Fifth Third Bancorp said Tuesday it swung to a loss during the third quarter, missing Wall Street expectations, as credit costs skyrocketed and the regional bank was forced to take losses on some investments.
The net loss, after accounting for $25 million in preferred dividends, was $81 million, or 14 cents per share, compared with earnings of $325 million, or 61 cents per share, during the same quarter a year ago.
Analysts polled by Thomson Reuters, on average, forecast earnings of 18 cents per share for the quarter.
Fifth Third set aside $941 million during the third quarter to cover loan and lease losses. The Cincinnati-based bank set aside just $139 million for loss provisions during the same quarter last year.
Nearly all banks have been forced to ramp up their loan-loss reserves over the past year and a half as customers increasingly default on their loans. Fifth Third said the losses are primarily tied to residential real estate loans and commercial residential builder and developer loans. The losses are concentrated in Michigan and Florida, the bank said in a statement.
Fifth Third's net charge-off rate — the amount of loans written off as not being repaid compared with the size of the entire lending portfolio — rose to 2.17 percent in the third quarter from 0.6 percent during the same quarter last year.
The charge-offs were larger than anticipated, driven by increases in commercial mortgage and construction losses, Citi Investment Research analyst Keith Horowitz wrote in a research note. He had estimated the charge-off rate would be 1.89 percent during the quarter.
Fifth Third also incurred a $51 million pretax, or 6 cents per share after-tax, charge for its investments in Fannie Mae and Freddie Mac preferred stock. The two mortgage giants were taken over by the government during the third quarter, leading to a sharp drop in the value of their preferred shares.
The bank also recorded a $45 million pretax, or 5 cents per share after-tax, charge related to Visa Inc.'s settlement with Discover Financial Services. A third charge totaling $27 million pretax, or 4 cents per share after tax, was taken to lower the value of bank-owned life insurance policies.

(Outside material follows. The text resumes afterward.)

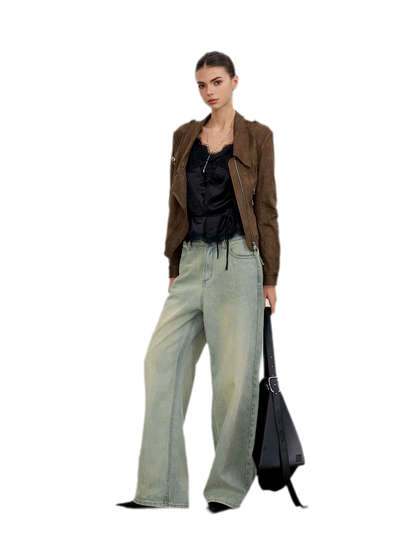 Suede-Effect Asymmetric Cropped Jacket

Net interest income, the difference between how much it costs a bank to borrow money and how much it receives from lending money to customers, jumped 41 percent to $1.07 billion from $760 million during the year-ago period. The increase in net interest income included a $215 million benefit due to accounting adjustments tied to the acquisition of First Charter Corp. earlier in the year.
Non-interest income, money derived from fees and other charges, rose 5 percent to $717 million from $681 million during the same quarter in 2007.
Fifth Third also said it was considering applying to receive funds through the recently passed $750 billion government bailout plan. The bank said it supports the plan that calls for the government to directly invest in banks and purchase troubled assets, especially those tied to mortgages.
If the bank applies to the government program, it may effect its plans to sell noncore assets as it looks to increase its capital cushion. Earlier this year, Fifth Third laid out a capital raising plan that included a stock issuance, dividend cut and the sale of certain assets. It is still evaluating the asset sales and negotiating potential deals.
Shares of Fifth Third rose 2 cents to $12.25.